Nefsi Bilmek ve Nefsin Kötü Hasletleri
Ey Kardeşim! Allah’u Teâla seni nefsini bilelerden eylesin Bilesin ki, “Nefsini bilen, Rabbini bilir.” (Hadis-i Şerif) Kendisinin fani olduğunu bilen, Rabbisinin baki olduğunu bilir. (Hallac-ı Mansur Hz.)
Nefsimi kâinattaki her şey ile karşılaştırdım. Hakikatte her şeyi her
varlığı, her mahlûku daha üstün ve daha hoş gördüm. O hale geldim ki nefsim ile
varlıklardan her hangi biri arasında kıyas yaparak düşündüm kendimi aşağı ve
aciz gördüm. Bu benim içimdeki her türlü kir ve pası temizledi. Kâinatta ne
varsa hepsinden fayda gördüm. Fakat nefsimden hiçbir fayda görmedim. (Şah-ı
Nakşibendi Hz.)
Kapımıza gelen her kim ki nefsini şeytandan
ve firavundan aşağı bilmezse, bu kapıdan istifade demez. (Şah-ı Nakşibendi Hz.)
Bu tarikatte kendi vücudunu nefy edip nefsini görmemek büyük başarı olup
Allah’a vasıl olmanın ve kabul edilmenin sermayesidir.
Bu mekânda sarı yüz ve eski elbise ararlar. Atlas ve ipeğinpazarı burası
değildir. (Şah-ı Nakşibendi Hz.)
“Bu kapı yokluk kapısıdır, varlık elbisesi ile girilmez.” (Üftade Hz.)
“Oruç bana mahsustur. Onun
karşılığını ben veririm.” (Hadis-i Kutsi) Hakiki oruca işaret
vardır, bu ise masivayı Allah’u Teâla’dan başka her şeyi terk etmektir. (Şah-ı
Nakşibendi Hz.)
Yirmi yıldır rengim ve sıfatım yoktur. Biri beni bilmek isterse hala
rengim ve sıfatım yoktur. (Şah-ı Nakşibendi Hz.)
Nefsi bir yerde hapsedip ekmek ve su vermeyeceksin ve nefsin o hale
gelecek ki, sana serkeşlik etmeyip boyun eyecek. (Şah-ı Nakşibendi Hz.)

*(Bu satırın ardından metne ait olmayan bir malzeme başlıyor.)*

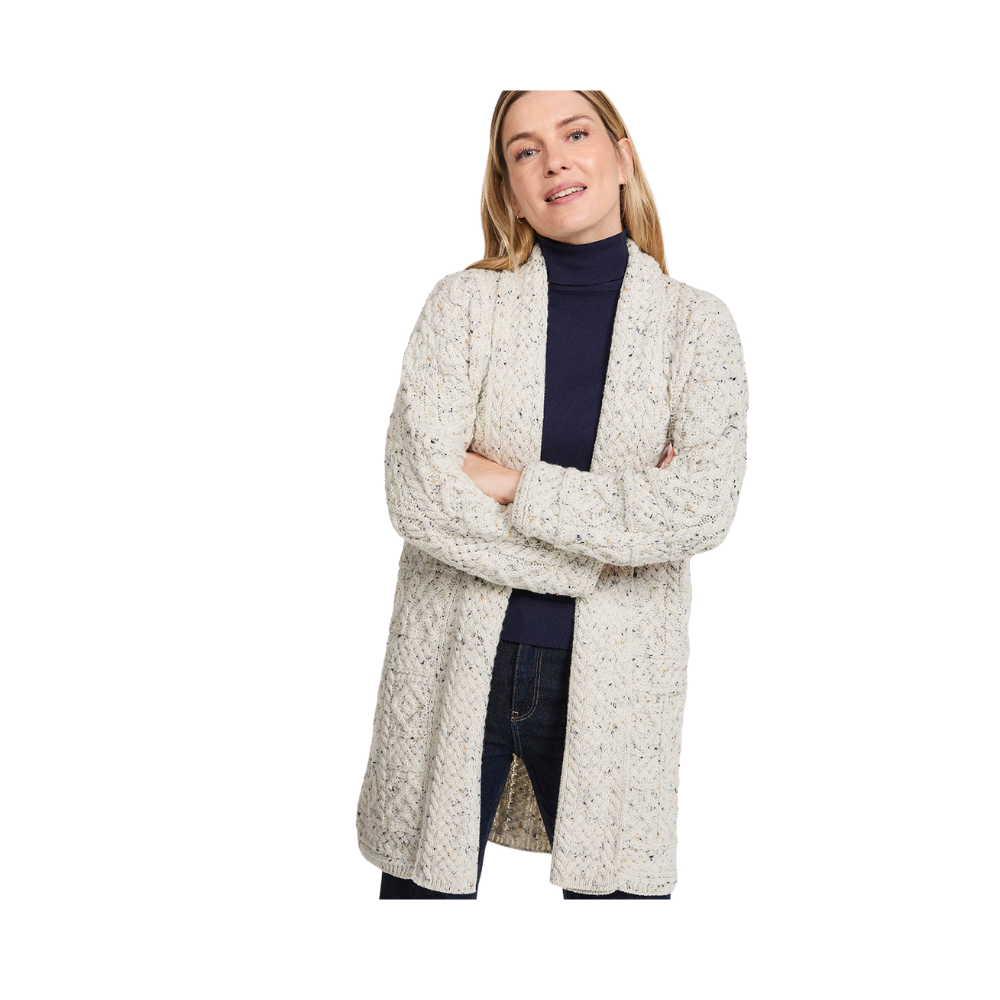 https://content.storeinfo.nl/applicatie/img/863/20260401091004_859026_JBLCARSHFBLO171.png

Bu yolda bana en büyük yardım zilletten oldu. (Şah-ı Nakşibendi Hz.)
Nefislerinizi kınayın, çünkü nefsini kınamasını bilen onun hile ve
mekrini bilir. (Şah-ı Nakşibendi Hz.)
“Eziyet veren şeyi yoldan uzaklaştırmak imandandır.” (Hadis-i Şerif) Eza
“Nefis” yolda Hak yol olan tarikattır. (Şah-ı Nakşibendi Hz.)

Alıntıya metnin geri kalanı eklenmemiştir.